Aye, I had suspected this was so, however the presence of that SLEEP does render this implementation incomparable to the production case since this case has (this) very-serious problem on its own. And as to why the deadlocks are happening, reading just the material that you have posted here, I truly do not know why they would be. Is this a CGI process that is inserting data into a table that is also being used for some very heavy-duty long-running transactions by another back-end (non-CGI) process, say? An attempt to insert data into a table should not “fail.” Most certainly, it should not take any time at all to do either. If the table is contentious, then a CGI process probably should not be touching it, and the presence of many CGI processes doing so will make the contention considerably worse. (Perhaps this is what your competitor is right-now doing wrong?)
What if, for instance, you designated another daemon-process to which the CGI processes could hand-off requests, say using the existing (SOAP, XML-RPC, FastCGI pick one ...) protocols? Instead of attempting to do the work themselves, the CGI processes would would send the request to this server process (or pool), and await a reply.
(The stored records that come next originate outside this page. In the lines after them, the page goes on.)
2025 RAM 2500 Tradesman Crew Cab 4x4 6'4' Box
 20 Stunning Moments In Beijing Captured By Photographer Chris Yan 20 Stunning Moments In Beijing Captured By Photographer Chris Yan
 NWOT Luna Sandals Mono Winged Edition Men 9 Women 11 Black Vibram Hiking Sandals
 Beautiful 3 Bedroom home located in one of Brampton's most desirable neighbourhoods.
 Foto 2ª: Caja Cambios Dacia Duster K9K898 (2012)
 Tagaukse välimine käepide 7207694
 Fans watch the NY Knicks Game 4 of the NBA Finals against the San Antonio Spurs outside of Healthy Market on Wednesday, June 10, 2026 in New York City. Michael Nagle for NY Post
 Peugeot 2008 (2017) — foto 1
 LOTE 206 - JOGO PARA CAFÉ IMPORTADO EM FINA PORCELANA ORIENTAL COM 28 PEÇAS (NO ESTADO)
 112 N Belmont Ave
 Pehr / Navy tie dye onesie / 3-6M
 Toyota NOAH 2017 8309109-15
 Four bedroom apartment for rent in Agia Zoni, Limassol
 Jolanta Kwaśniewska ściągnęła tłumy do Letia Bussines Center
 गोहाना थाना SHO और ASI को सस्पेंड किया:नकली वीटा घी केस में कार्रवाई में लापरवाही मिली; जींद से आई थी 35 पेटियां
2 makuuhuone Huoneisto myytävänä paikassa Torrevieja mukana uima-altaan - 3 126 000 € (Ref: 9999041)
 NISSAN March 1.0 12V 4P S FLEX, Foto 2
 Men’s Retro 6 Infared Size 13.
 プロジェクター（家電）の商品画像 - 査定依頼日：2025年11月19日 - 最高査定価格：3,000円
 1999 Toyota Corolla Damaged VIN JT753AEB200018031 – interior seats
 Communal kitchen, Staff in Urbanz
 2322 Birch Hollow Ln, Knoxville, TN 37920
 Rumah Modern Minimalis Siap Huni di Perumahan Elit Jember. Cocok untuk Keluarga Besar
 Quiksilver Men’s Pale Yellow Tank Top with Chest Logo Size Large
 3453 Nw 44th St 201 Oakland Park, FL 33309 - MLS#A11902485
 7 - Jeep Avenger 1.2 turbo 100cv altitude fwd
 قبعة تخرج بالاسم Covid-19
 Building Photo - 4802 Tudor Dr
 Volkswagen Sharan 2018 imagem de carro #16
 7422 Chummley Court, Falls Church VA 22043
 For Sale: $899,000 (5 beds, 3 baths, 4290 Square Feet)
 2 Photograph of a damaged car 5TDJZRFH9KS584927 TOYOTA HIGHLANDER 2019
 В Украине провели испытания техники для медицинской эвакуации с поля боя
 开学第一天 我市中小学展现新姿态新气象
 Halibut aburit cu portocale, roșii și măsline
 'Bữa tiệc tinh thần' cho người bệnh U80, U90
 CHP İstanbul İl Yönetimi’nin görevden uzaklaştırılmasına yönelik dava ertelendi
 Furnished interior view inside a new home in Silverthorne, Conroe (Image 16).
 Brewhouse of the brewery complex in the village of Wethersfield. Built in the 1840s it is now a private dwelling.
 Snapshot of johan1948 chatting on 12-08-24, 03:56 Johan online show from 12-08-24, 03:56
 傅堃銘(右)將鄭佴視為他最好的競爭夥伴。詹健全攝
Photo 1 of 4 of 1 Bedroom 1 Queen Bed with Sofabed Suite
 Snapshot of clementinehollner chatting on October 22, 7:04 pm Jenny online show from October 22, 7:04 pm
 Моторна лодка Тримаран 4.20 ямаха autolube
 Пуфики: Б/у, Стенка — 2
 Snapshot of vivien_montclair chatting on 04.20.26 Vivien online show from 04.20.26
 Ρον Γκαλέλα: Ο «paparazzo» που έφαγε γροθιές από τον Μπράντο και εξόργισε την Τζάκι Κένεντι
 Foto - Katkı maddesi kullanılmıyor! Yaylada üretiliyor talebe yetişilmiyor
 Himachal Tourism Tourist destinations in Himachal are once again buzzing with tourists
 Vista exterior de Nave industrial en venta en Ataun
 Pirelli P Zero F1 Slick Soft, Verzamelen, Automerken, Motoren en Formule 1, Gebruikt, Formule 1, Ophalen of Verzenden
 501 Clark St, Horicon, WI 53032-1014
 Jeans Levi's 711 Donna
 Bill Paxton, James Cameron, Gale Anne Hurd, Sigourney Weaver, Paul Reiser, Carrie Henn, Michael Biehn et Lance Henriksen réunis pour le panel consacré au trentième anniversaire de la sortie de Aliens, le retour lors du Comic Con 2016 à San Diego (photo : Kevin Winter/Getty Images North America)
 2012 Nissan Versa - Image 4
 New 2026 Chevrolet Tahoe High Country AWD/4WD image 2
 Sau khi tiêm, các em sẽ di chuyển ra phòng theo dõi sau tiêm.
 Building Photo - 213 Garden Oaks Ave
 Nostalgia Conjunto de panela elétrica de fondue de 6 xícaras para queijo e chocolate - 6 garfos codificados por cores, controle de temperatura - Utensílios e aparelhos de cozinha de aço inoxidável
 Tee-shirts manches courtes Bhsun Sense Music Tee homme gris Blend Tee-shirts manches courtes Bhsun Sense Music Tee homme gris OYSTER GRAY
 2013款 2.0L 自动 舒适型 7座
This server would execute requests very quickly but now each request would not contend with the others. (Production-ready servers for all of these are right now available on CPAN, so there is no burden of implementation of the plumbing.)
I believe, or at least by now I suspect, that it is this contention, whatever its true source may be, which is causing the deadlocks, is the root cause of this matter and that some design change may be required to permanently and effectively deal with it.